Hati sat on top of him with a grin, knife blade at his neck. “Distraction.”
The men all laughed. Lahi clapped.
The chief’s son learned well. Tian could have twisted past the knife and put Hati in an armbar, but decided against it. Let him savor his victory; let his people see him as a leader.
And Tian would save the technique for the village wrestling tournament.
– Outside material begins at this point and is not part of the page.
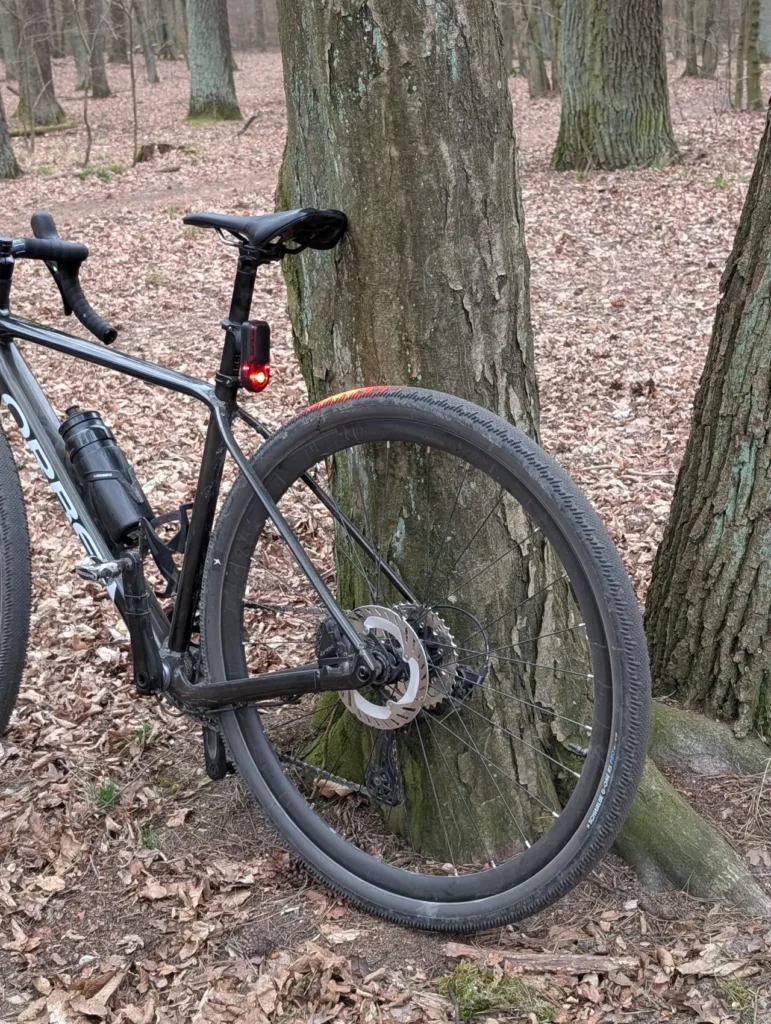 Długa przerwa, wielkie nadzieje – Recenzja Garmin Varia RearVue 820 9 Garmin Varia RearVue 820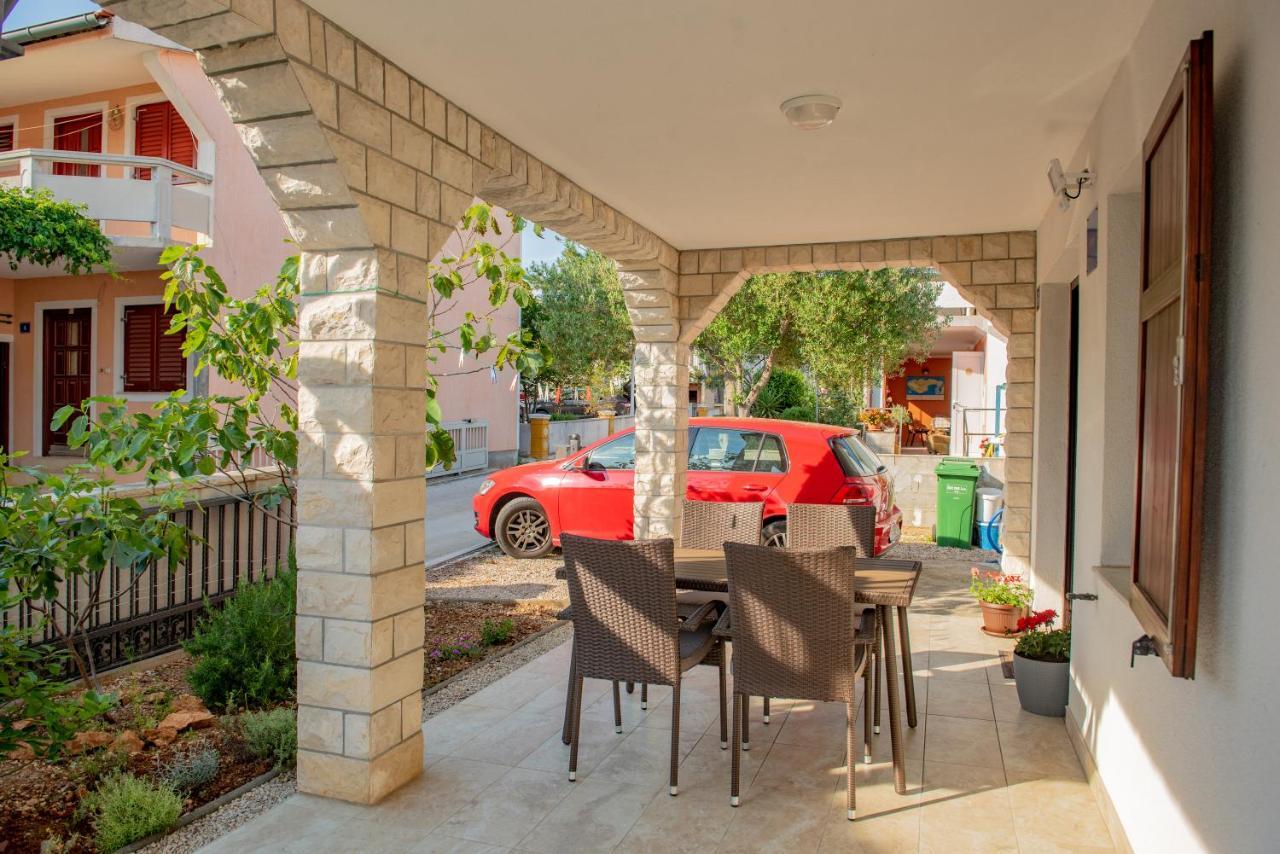 Apartman Bozica Vir Extérieur photo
The wind howled outside Yuha’s lodge, reminding Kaiya that winter had yet to loosen its grip on the Wilds. Around the fire pit, the children Waka and Nadi held bowls of stew, chattering with their grandparents and aunties Lahi and Lana about the upcoming wrestling tournament.
Conspicuously absent was Tian, who always accompanied her when she ate with the shaman’s family. He’d avoided her all day. Probably still embarrassed from the fishing trip. Kaiya looked up from her own bowl of stew.
Yuha was staring at her.
Returning his gaze, she raised an eyebrow.
“The world acts in cycles, guided by the spirits.” He twirled his hand in a large circle. “In ancient times, even before the sky rained fire, the Turquoise Men enslaved our people.”
Kaiya nodded. He must be referring to era before the War of Ancient Gods, when all humans were slaves to the Tivari. Still, it had nothing to do with village life or the upcoming tournament.
“And then, the Star Spirit, motivated by his love for the Willow Beauty, liberated us.” He pointed up to the smoke hole. “The time will come again. The stars say in a year, when the Eye of Kannon greats the white and pearl moons. The spirits have spoken to me.”
Kaiya followed his finger up to the night sky. Lord Xu had said as much, that the dance of the Heavens mirrored events among mortals. “Why do you tell me this?”
“I—”
The door flap opened. Kaiya turn
ed.
Tian. He gawked at her, eyes wide. The flap started to close.
“Come in, come in.” Yuha jumped to his feet.
Tian froze in place and stared at the ground. He must’ve been really horrified by their catastrophic fishing experience. He might need an imperial order to forget about it. With a tentative step, he crossed the threshold and looked up. “Why are the Omiki coming?”
With a laugh, Yuha motioned for Tian to sit. “They live south of the river, it’s easy for them to paddle across and visit us.”
“That’s not what I meant.” Tian plopped down next to the fire, about as far away from her as possible.
Yuha stroked the feathers in his necklace. “The spirits carry news on the winds. The Metal Men expand. The tribes are worried. But now, there is hope. Since the Warrior From Beyond the Wall arrived, the ogres have retreated.”
Kaiya covered a giggle. Tian would get the fancy nickname.
“Of course.” Tian threw his hands up. “It’s winter and the trails are snowbound.”
Yuha shrugged. “Perhaps. But rumors of your skills spread far and wide. Many wish to learn from you. Many in this village believe you are our tribal guardian. Like the Star Spirit a thousand sun cycles ago.”
At last, Tian’s eyes met hers. “I’m one man. There’s little I can do. To stop the tide of Metal Men.”
“One man can bring hope. Sometimes, to an entire people.” Yuha’s gaze shifted to her. “Sometimes to a woman.”
Was Tian blushing? Or was it the play of firelight on his face?
Kaiya’s face was probably just as hot and bright as the flames.
Yuha grinned. “I think that man should prepare himself for the wrestling tournament.”
Nothing brought out village enthusiasm like the winter wrestling tournament, which Tian had entered at Hati’s urging. Held under a new White Moon on the Winter Solstice, two months after their arrival, it would determine the village’s representatives for the tribal tournament held in spring.